__Task directions__
Each record must be returned exactly, apart from the pictures, which stay out.

Crawled caption data:
■ ■ ■ ■ ■

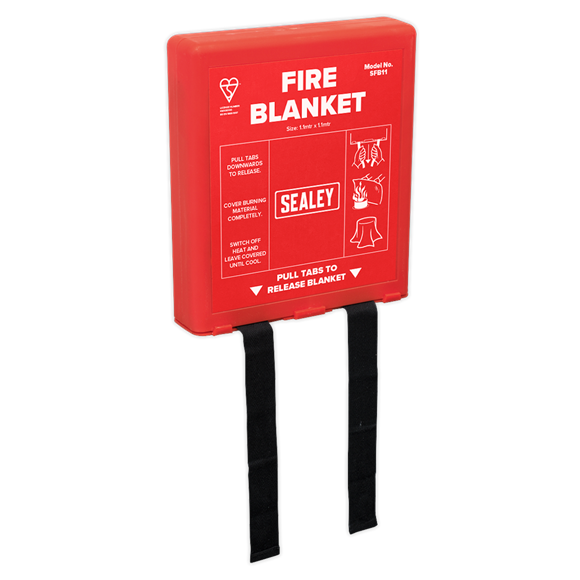 Sealey SFB11 Fire Blanket 1.1 x 1.1m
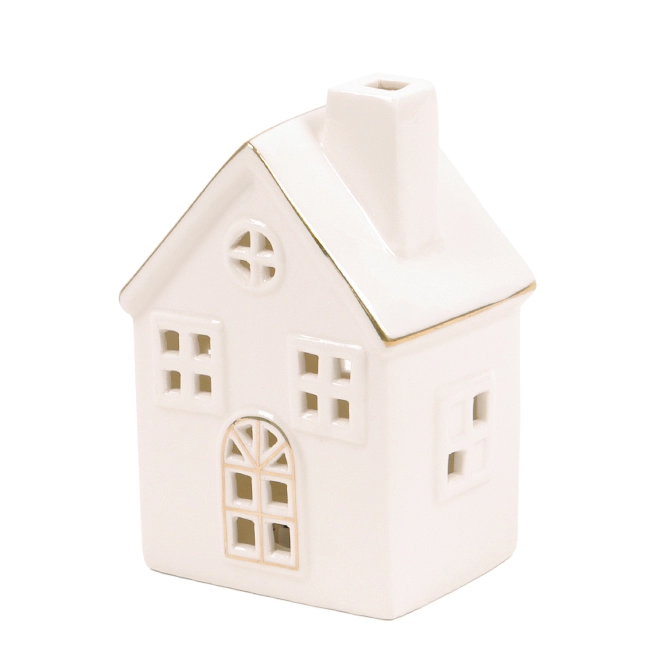 Домик керамический с подсветкой 13 см (86-23649)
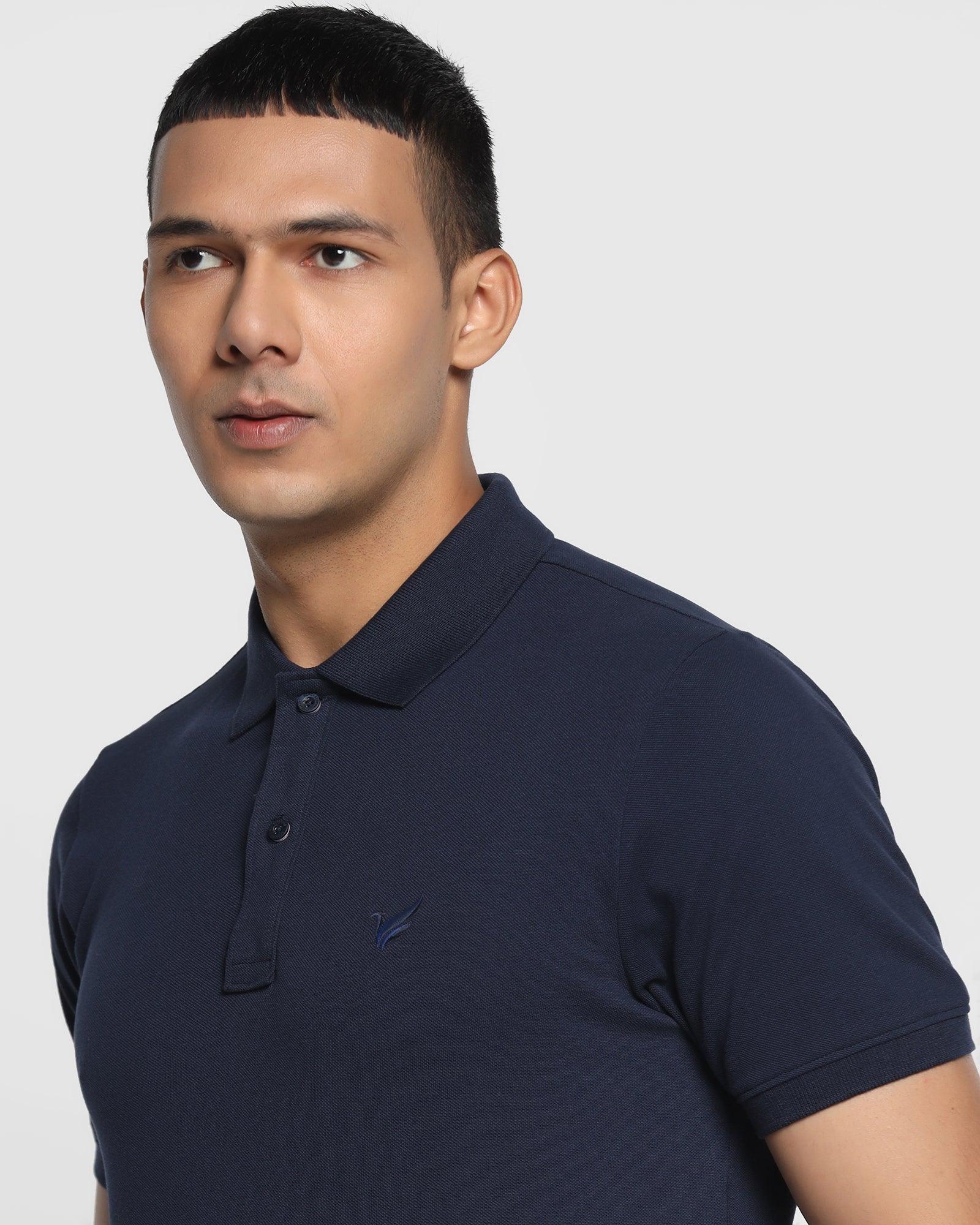 Polo Navy Solid T Shirt - Miles
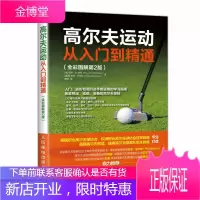 高尔夫运动从入门到精通 全彩图解第2版 保罗 高尔夫运动专业训练书籍高尔夫基础运动技术动作要领高尔夫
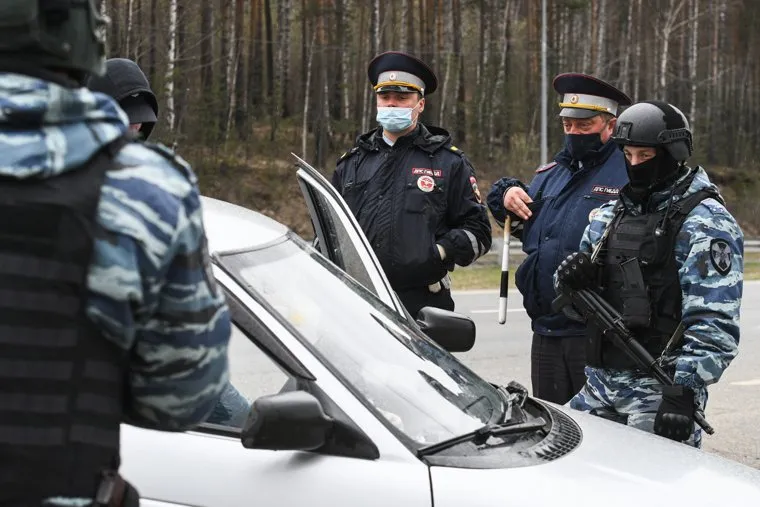 Место антитеррористической операции в Екатеринбурге, где уничтожили трёх террористов. Екатеринбург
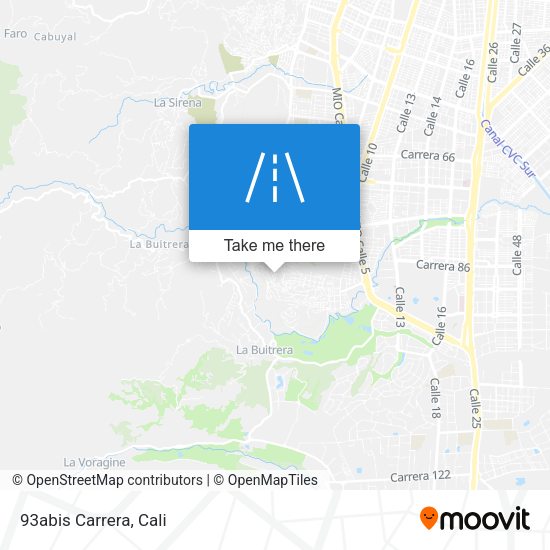 Mapa de 93abis Carrera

■ ■ ■ ■ ■

__Finished task__
 Sealey SFB11 Fire Blanket 1.1 x 1.1m
 Домик керамический с подсветкой 13 см (86-23649)
 Polo Navy Solid T Shirt - Miles
 高尔夫运动从入门到精通 全彩图解第2版 保罗 高尔夫运动专业训练书籍高尔夫基础运动技术动作要领高尔夫
 Место антитеррористической операции в Екатеринбурге, где уничтожили трёх террористов. Екатеринбург
 Mapa de 93abis Carrera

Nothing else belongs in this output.